Little Women—and when I speak of Little Women, I’m always speaking of the film; I hadn’t encountered the book yet—is a rather chaste movie, on its face. Set during the American Civil War, it’s centered around the March family, which consists of Marmee [Susan Sarandan], the proto-feminist mother, Father [Matthew Walker], who is conscripted into the army, and their four daughters. Laurie, who comes to live with his rich grandfather in an estate next to the Marches’ more modest home, eventually makes passes at three of them: Meg [Trini Alvarado], the prim eldest, Jo [Winona Ryder], an ambitious, tomboyish writer who is the main focus of his affections, and Amy [Kirsten Dunst], the conventionally beautiful youngest. (Beth [Claire Danes], the saintly, ascetic one, is spared his advances.)
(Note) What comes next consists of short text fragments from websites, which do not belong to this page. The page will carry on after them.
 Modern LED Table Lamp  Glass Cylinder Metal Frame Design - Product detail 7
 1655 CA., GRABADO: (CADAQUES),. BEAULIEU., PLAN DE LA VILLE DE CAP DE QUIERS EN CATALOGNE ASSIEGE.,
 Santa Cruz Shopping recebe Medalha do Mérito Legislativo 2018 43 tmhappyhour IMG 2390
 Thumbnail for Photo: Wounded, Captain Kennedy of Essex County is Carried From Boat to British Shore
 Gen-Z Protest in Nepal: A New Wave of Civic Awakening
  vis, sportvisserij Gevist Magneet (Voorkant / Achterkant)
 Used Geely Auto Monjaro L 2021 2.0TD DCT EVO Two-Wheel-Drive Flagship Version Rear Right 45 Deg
Ten years before I self-defined as a Carrie or a Miranda, I sorted myself as an Amy or a Jo. “Which March sister are you?” was my original personal-identification game. (I never really wanted to be Beth or Meg, as Beth—spoiler alert—dies young and Meg eventually shacks up with a broke guy with a goatee, plus she’s boring.) The genius of Little Women is that while, in real life, so many of us would have killed to be pretty and superficial like Amy, the film made us see the value of being a Jo. In my other favorite movie, The Little Mermaid, the prince only fell in love with the heroine after she sold her voice. In Little Women, the prince falls in love with Jo because she has a voice, and he helps her develop her literary skills. Laurie joins the March sisters’ acting troupe, which performs the plays Jo writes in their attic, and encourages her writing, setting up a post office box so they can send letters and treats between their houses.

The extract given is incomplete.